Spatiotemporal patterns yield the best IT, but at the slowest pattern duration (Fig. 4). The highest IT values are, in general, expected at the slowest presentation speed as (1) its calculation is independent of time and (2) slower presentations are generally easier to identify. At the fastest (45 ms) pattern duration, the single motor case has the highest IT, but by a nonsignificant amount. In all other results, however, spatiotemporal patterns appear to yield the best performance (Figs. 2b, 3, 4a). The discrepancy from the single motor case could be due to lack of training: The best-performing participant (who had some prior experience wearing the vest) had an IT between 1.10 and 1.65 bits for the 45 ms spatiotemporal condition, but only an IT between 0.54 and 1.09 bits in the 45 ms single motor condition. Paying attention to the actual IT values, the single motor case is slightly <1 bit, indicating that only the least and most intense patterns can be consistently discriminated. Therefore, this set might as well be collapsed to just these two patterns. Spatial patterns have an IT that is well below 1 bit, which means that identification errors would abound even if the set were reduced to just two patterns—a telling sign that the motors have been spaced well under the vibrotactile two-tacton resolution threshold for that region of skin. Single motor and spatial pattern IT are not affected by pattern duration (single motor: χ 2(2,4) = 33.69, p ≪ 0.01 spatial: χ2(2,4) = 33.69, p = 0.15), suggesting that duration is irrelevant, provided it is longer than some threshold (<45 ms), see Fig. 4a.

Counter to this, we observe that spatiotemporal patterns do exhibit a relationship with presentation duration. These patterns become less salient at shorter durations (to the point where coding information using intensity is more effective). The relationship is also somewhat proportional, which would imply that an achievable IT rate might be fixed as a function of duration.

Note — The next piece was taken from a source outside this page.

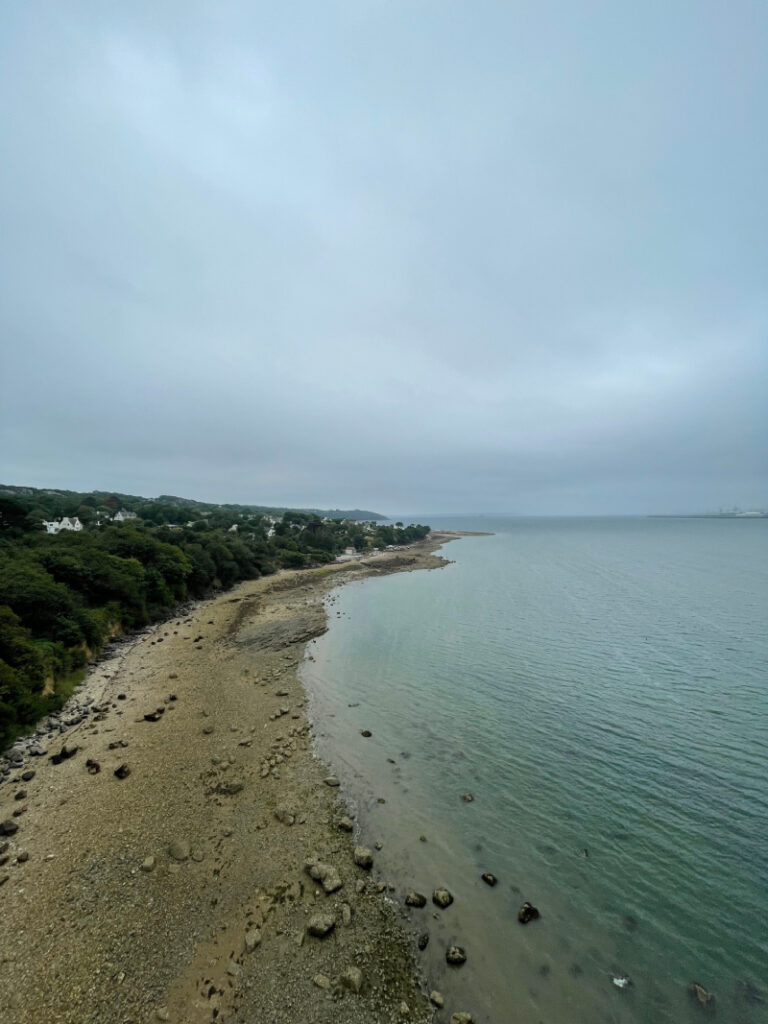 La vue panoramique depuis le pont de l'Iroise est à couper le souffle, comme le montre cette photo de la rade de Brest. On peut y admirer les bateaux qui naviguent dans les eaux cristallines, ainsi que les côtes rocheuses et boisées qui encadrent la baie. Cette vue est un véritable spectacle naturel qui laisse une impression durable sur tous ceux qui la contemplent. Alors, prenez une pause sur le pont de l'Iroise et admirez la beauté de la rade de Brest qui s'étend devant vous !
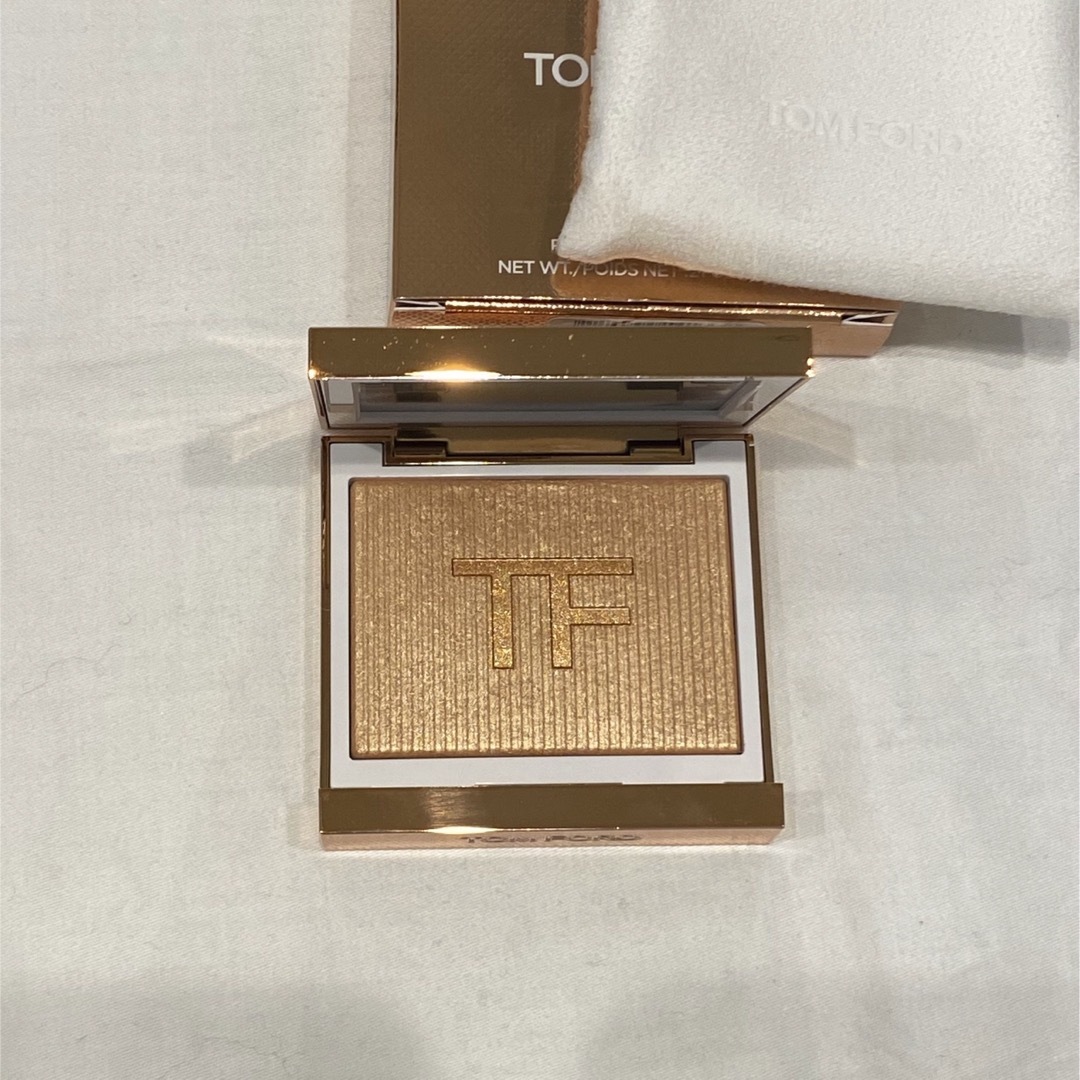 TOM FORD BEAUTY(トムフォードビューティ)のトムフォード ソレイユドゥフハイライター02オアシス コスメ/美容のベースメイク/化粧品(チーク)の商品写真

Collapsing results across pattern duration yields IT estimates of 0.15, 0.60, and 0.69 bits for spatial, single motor, and spatiotemporal patterns, respectively. Spatiotemporal patterns yield better identification performance overall, with the singular exception of the 45 ms single motor case. Last, the alphabet size of spatiotemporal patterns is much more scalable than the single motor case, which is fundamentally limited by the Weber fraction and the range of intensities to which the skin’s receptors are sensitive.

While it immediately appears that spatiotemporal patterns have the greatest potential for encoding information to the skin, there is one subtle point of contention between the spatiotemporal and spatial encodings. Are the spatiotemporal patterns truly being integrated over to form a single perception? Or could our spatiotemporal patterns in effect be cheating—providing three distinct spatial encoding frames. Further, such spatiotemporal frames have different centers of gravity as opposed to the spatial encodings, which all have a fixed center of gravity. The spatiotemporal patterns do maintain average fixed center of gravity that is equal to the spatial encodings, however. A future study is required to disentangle this issue: An optimal spatial set—as opposed to the spatial set in this study that is designed to be as equivalent as possible to the single motor and spatiotemporal sets—should be constructed and tested against this study’s spatiotemporal set or an optimal spatiotemporal set. In addition, these sets should be presented at a frame rate for which the spatiotemporal frames fuse into a single percept, i.e., the individual frames are not apparent as distinct spatial patterns. This would require a different type of tactile interface (such as a piezoelectrics or voice-coil actuators) to be used instead of the eccentric rotating mass (ERM) motors used in this study, which have a ~10–20 ms resolution. Regardless, the total spatial pattern set space is a subset of the total spatiotemporal pattern set space. This at least implies that spatiotemporal encodings have a greater IT potential.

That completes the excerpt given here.